Social media users were quick to respond, calling on Hunt to “Free Assange first,” and asking whether the WikiLeaks founder would be giving a speech at the event.
WikiLeaks pointed out that the UK is the “only state in the EU to be arbitrarily detaining a publisher – in violation of two UN rulings.”
Assange has been stuck in the Ecuadorian embassy in London since 2012. He faces arrest by UK authorities for skipping a bail hearing if he leaves the embassy, and fears he will be extradited to the US where he faces secret charges for publishing leaked documents, including Afghanistan and Iraq war logs, diplomatic cables and the CIA’s Vault 7 hacking capabilities. UK police presence is high around the embassy, and had cost the UK taxpayer over £14 million by 2016.

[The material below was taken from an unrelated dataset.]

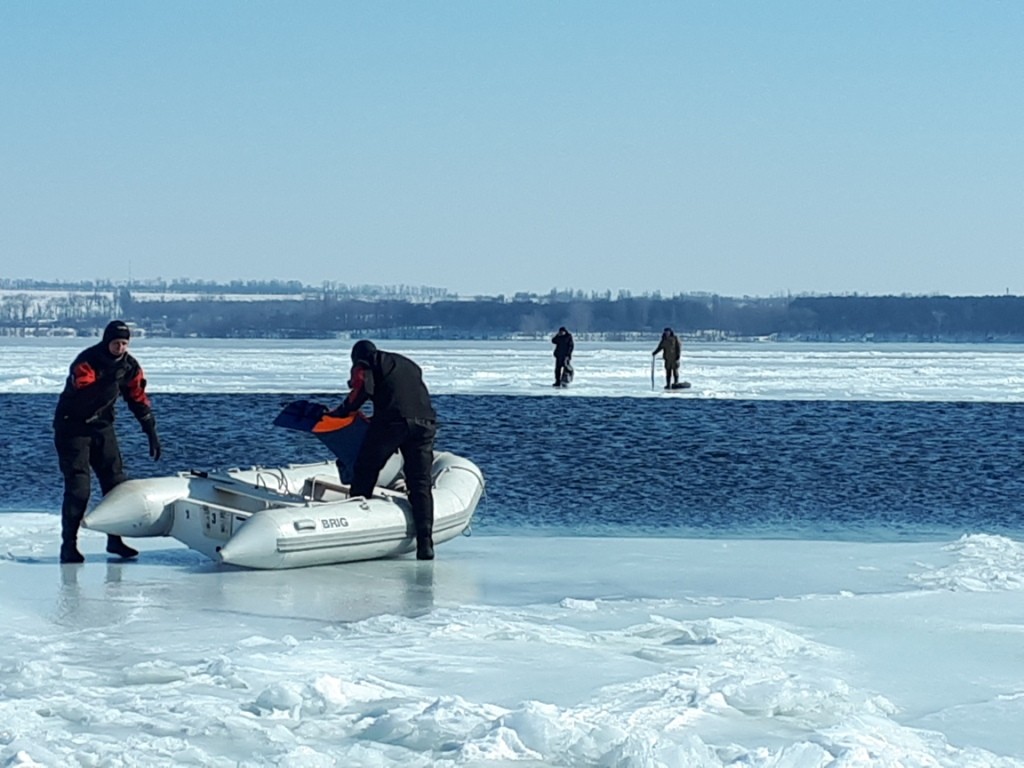 В Запорожье спасатели вытащили рыбаков, дрейфовавших на льдине (ФОТО)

Others called on Hunt to “comply with the UN decision to allow a safe passage and compensation for years of arbitrary detention in London to Julian #Assange,” reminding the foreign secretary that the Australian is an award-winning editor.
Some took aim at the UK media landscape in general, criticising its bias and reminding Hunt of previous embarrassments such as the News International phone hacking scandal.
Nobody trusts the uk press pic.twitter.com/9cfjVJBxED
— David Scott 🏴 (@daveofclanscott) February 26, 2019
You seem to have conveniently forgotten about all the phone hacking victims especially those who’ve been denied justice
— Mary-Ellen Field (@maryellenfield) February 26, 2019
Hunt is also under pressure to adequately address the dismembering of Washington Post journalist Jamal Khashoggi by Saudi officials when he visits Saudi Arabia next week.
However, last week it was revealed that the foreign secretary tried to convince Germany to start selling arms to the Kingdom again after it stopped over concerns about Khashoggi’s killing and the war in Yemen.